Zu beachten ist, dass die Schwerbehindertenvertretung bei jeder Kündigung schwerbehinderter Arbeitnehmer zu beteiligen ist und zwar auch dann, wenn für diese das Zustimmungserfordernis durch das Integrationsamt (§ 85 SGB IX) nach § 90 SGB IX nicht erforderlich ist, etwa dann, wenn nach § 90 Abs. 1 Nr. 1 SGB IX das Arbeitsverhältnis zum Zeitpunkt des Zugangs der Kündigungserklärung ohne Unterbrechung noch nicht länger als sechs Monate besteht.

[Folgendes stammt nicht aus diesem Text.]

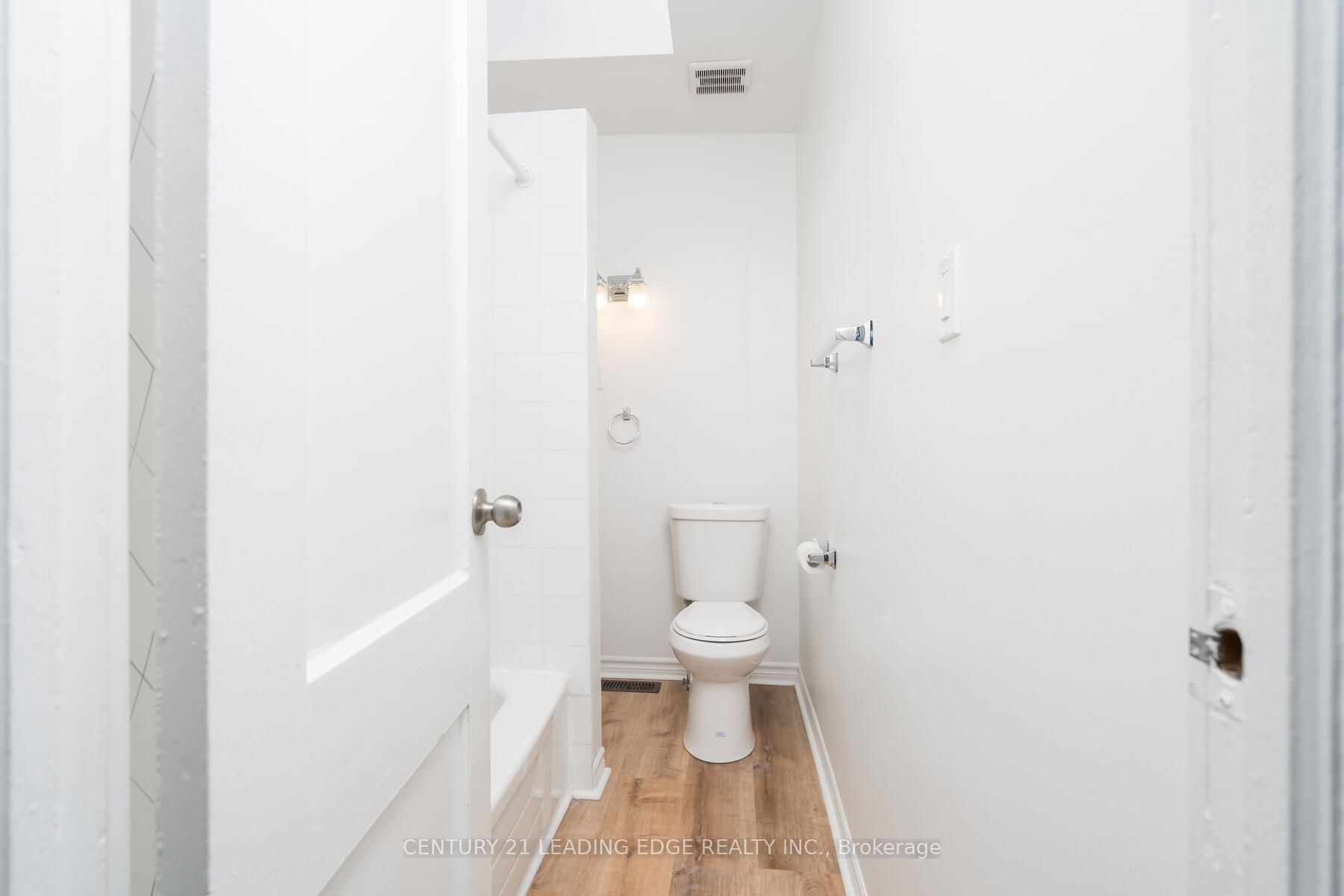 946 Kingston Rd Property Photo 27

Vieles bleibt jedoch ungeregelt: Entsprechend der Rechtsprechung des BAG zur Zustimmung des Integrationsamtes dürfte eine Beteiligung nicht erforderlich sein, wenn Arbeitgeber zum Zeitpunkt des Zugangs der Kündigung die Schwerbehinderung der Arbeitnehmer nicht kennen, diese nicht offensichtlich war und Arbeitnehmer diese auch nicht innerhalb von drei Wochen nach Zugang der Kündigung noch nachträglich mitteilen (vgl. zuletzt BAG, Urt. v. 22.9.2016 – 2 AZR 700/15, NJW 2017, 684). Ferner dürfte – entsprechend der Rechtsprechung des BAG zur Zustimmung des Integrationsamtes (BAG NZA 2008, 302) – eine Beteiligung entfallen, wenn zum Zeitpunkt des Zugangs der Kündigung noch kein Anerkennungs- bzw., Gleichstellungsbescheid nach §§ 2 Abs. 3, 69 SGB IX vorgelegen hat, es sei denn, die Schwerbehinderteneigenschaft wäre offensichtlich oder der Antrag auf Anerkennung wurde wenigstens drei Wochen vor dem Zugang der Kündigung gestellt und ihm später mit Rückwirkung entsprochen.

 

Hinweis:

Zu weiteren Einzelheiten hierzu sei verwiesen auf die Ausführungen von Bayreuther NZA 2017, 87. Schafhausen (ASR 2017, 44) weist zu Recht darauf hin, dass offen bleibt, ob Fristen für die Beteiligung gelten. Was soll sein, wenn die Schwerbehindertenvertretung auf ein Anhörungsschreiben nicht reagiert? Ist § 102 Abs. 2 BetrVG entsprechend anwendbar? Gibt es eine Widerspruchsmöglichkeit gem. § 102 Abs. 35 BetrVG analog? Diese Fragen wird die Rechtsprechung klären müssen.